The repository handles transient network errors through the `make_safe_request` function located in [`shared/python/api_utils.py`](https://github.com/microsoft/generative-ai-for-beginners/blob/main/shared/python/api_utils.py). This wrapper implements a simple retry loop that attempts the request up to three times by default when encountering `RequestException` errors. If all attempts fail, it re-raises the final exception to allow upstream error handling.

### Why does the Azure OpenAI implementation use exponential back-off instead of fixed intervals?

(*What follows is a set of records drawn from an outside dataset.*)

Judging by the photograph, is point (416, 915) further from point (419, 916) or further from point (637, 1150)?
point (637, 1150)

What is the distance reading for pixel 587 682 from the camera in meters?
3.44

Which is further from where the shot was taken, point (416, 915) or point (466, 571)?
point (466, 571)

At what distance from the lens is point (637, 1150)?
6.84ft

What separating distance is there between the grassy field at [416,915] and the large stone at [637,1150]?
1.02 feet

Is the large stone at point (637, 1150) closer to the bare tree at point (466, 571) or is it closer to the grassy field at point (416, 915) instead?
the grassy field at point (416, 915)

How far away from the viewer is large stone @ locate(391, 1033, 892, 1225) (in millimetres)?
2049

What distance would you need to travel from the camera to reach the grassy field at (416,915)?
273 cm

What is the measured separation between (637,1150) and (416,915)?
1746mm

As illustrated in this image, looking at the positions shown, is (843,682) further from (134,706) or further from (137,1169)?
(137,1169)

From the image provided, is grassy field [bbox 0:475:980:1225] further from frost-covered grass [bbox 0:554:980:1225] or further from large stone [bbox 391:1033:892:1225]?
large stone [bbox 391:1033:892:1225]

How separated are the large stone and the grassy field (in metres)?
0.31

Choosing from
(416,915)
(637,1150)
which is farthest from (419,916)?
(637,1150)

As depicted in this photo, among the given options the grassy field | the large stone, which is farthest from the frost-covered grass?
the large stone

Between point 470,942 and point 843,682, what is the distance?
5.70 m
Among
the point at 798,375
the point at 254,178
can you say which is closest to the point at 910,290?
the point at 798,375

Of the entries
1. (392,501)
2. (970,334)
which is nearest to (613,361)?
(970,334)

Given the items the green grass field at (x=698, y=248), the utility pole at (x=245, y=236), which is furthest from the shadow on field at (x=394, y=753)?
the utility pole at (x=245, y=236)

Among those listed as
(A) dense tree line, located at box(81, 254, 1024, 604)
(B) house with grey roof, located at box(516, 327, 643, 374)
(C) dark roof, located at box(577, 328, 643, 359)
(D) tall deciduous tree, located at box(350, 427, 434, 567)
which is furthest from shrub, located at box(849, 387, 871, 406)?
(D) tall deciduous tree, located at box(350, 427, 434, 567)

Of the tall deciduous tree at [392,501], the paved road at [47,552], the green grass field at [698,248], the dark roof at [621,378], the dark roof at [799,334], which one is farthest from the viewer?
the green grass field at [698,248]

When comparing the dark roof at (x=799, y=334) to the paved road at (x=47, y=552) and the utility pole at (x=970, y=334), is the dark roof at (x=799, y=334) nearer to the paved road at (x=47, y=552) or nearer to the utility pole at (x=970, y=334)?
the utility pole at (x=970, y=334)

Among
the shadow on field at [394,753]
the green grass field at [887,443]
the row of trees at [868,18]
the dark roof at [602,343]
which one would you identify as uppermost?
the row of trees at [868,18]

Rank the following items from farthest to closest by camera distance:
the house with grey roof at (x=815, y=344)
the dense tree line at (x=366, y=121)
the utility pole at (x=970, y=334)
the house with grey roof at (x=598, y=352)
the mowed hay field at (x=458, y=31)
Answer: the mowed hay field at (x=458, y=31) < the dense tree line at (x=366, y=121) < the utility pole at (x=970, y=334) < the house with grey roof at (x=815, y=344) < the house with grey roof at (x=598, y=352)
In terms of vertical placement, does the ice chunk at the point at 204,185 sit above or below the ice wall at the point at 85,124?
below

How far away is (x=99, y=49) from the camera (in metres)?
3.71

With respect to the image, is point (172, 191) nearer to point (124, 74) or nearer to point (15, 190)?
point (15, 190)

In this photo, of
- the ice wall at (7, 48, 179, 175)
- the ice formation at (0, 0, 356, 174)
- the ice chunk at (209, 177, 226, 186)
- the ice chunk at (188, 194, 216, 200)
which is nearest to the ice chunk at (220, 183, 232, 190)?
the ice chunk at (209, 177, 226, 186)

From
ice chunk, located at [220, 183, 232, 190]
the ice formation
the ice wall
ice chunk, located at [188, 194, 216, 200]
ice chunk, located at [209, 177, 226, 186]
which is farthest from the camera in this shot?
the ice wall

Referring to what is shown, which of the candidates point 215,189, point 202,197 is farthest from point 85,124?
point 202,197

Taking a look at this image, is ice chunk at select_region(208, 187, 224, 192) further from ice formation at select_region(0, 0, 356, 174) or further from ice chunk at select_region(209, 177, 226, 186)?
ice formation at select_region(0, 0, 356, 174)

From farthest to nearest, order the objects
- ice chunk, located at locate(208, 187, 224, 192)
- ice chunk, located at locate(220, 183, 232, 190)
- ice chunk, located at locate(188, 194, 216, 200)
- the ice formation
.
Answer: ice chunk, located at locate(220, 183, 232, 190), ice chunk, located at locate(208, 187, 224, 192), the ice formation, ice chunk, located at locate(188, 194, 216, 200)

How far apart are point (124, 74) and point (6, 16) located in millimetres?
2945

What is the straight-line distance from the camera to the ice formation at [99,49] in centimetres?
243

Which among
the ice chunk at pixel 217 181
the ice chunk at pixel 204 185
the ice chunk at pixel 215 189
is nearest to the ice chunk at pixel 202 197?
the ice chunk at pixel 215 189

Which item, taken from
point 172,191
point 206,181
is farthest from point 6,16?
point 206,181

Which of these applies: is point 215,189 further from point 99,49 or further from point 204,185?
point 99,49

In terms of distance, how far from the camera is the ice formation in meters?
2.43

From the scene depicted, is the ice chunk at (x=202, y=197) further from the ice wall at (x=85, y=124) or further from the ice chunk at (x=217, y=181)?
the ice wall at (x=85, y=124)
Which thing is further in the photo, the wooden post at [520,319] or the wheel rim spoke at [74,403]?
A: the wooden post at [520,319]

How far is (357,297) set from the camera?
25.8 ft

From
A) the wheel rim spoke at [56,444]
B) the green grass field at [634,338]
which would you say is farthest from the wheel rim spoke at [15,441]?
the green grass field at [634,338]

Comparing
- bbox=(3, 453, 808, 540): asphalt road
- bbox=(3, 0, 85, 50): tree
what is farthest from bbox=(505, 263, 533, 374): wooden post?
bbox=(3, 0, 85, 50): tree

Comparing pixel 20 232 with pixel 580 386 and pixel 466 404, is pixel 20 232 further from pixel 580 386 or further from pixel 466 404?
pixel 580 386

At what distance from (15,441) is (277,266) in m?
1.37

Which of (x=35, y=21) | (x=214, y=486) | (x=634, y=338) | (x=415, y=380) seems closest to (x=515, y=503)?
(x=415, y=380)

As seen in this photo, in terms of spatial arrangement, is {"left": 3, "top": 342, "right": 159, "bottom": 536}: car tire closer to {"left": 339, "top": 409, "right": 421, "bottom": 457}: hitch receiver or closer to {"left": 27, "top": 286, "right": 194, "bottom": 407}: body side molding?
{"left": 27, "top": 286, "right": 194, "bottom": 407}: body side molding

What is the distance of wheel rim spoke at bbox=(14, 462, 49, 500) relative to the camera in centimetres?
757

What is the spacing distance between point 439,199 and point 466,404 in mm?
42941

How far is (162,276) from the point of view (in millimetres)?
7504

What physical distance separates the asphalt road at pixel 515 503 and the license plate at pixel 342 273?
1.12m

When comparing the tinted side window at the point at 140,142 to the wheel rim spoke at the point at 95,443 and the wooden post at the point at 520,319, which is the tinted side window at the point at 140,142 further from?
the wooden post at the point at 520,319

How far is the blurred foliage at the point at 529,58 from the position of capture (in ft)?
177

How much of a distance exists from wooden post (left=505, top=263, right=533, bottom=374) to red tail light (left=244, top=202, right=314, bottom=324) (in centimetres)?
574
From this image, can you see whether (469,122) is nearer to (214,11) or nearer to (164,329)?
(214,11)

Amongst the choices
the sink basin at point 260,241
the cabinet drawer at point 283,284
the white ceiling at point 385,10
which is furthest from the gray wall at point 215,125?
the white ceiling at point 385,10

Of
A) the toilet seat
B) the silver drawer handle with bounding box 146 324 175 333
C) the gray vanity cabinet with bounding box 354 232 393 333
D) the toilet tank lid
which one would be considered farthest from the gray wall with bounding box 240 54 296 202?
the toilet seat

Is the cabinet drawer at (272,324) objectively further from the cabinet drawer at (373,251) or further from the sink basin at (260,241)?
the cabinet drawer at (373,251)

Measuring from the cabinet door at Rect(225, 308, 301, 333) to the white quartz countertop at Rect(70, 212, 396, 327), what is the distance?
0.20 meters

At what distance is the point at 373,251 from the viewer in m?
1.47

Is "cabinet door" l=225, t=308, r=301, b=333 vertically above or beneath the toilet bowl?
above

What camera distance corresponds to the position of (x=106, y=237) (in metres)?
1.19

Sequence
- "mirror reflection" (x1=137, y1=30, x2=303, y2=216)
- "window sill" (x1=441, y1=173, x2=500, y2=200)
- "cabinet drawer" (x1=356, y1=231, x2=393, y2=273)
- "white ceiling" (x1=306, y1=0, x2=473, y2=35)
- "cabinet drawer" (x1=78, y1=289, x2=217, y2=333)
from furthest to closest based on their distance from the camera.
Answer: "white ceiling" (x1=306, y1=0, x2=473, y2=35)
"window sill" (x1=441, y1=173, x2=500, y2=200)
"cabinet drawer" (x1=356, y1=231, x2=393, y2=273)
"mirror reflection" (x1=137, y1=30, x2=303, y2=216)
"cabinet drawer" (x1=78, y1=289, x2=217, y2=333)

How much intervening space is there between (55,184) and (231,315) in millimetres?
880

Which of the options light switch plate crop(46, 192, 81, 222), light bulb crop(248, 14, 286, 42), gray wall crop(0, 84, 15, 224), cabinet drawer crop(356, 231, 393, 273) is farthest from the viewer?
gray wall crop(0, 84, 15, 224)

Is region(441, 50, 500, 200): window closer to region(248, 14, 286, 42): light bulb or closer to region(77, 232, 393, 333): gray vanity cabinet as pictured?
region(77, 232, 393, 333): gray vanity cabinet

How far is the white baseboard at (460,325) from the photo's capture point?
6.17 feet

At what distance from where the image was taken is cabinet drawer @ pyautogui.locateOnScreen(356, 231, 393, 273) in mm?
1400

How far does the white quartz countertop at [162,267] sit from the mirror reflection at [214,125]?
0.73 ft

The implementation in [`08-building-search-applications/scripts/transcript_enrich_summaries.py`](https://github.com/microsoft/generative-ai-for-beginners/blob/main/08-building-search-applications/scripts/transcript_enrich_summaries.py) uses `wait_random_exponential(min=10, max=45)` to implement exponential back-off because it prevents the "thundering herd" problem. When a service returns a 429 rate limit error, multiple clients retrying at fixed intervals would simultaneously hit the server again. Randomized exponential back-off spreads retry attempts across a time window (10-45 seconds), giving the service time to replenish its rate limit buckets.

### What types of errors should not be retried when calling the OpenAI API?

According to the Tenacity configuration in [`transcript_enrich_summaries.py`](https://github.com/microsoft/generative-ai-for-beginners/blob/main/transcript_enrich_summaries.py), `openai.InvalidRequestError` exceptions should not be retried. These errors indicate malformed requests, invalid parameters, or content policy violations—issues that will persist on every retry attempt. The decorator uses `retry_if_not_exception_type(openai.InvalidRequestError)` to immediately fail on these errors, conserving API quota and execution time.

### Can these retry patterns be used with synchronous multi-threaded applications?

Yes, both retry patterns work seamlessly in multi-threaded applications. The `make_safe_request` function is stateless and thread-safe for standard HTTP calls. For Azure OpenAI operations, the Tenacity decorator manages retry state within the function call scope, making it safe to use across multiple worker threads without additional locking mechanisms, as demonstrated in the repository's transcript processing pipelines.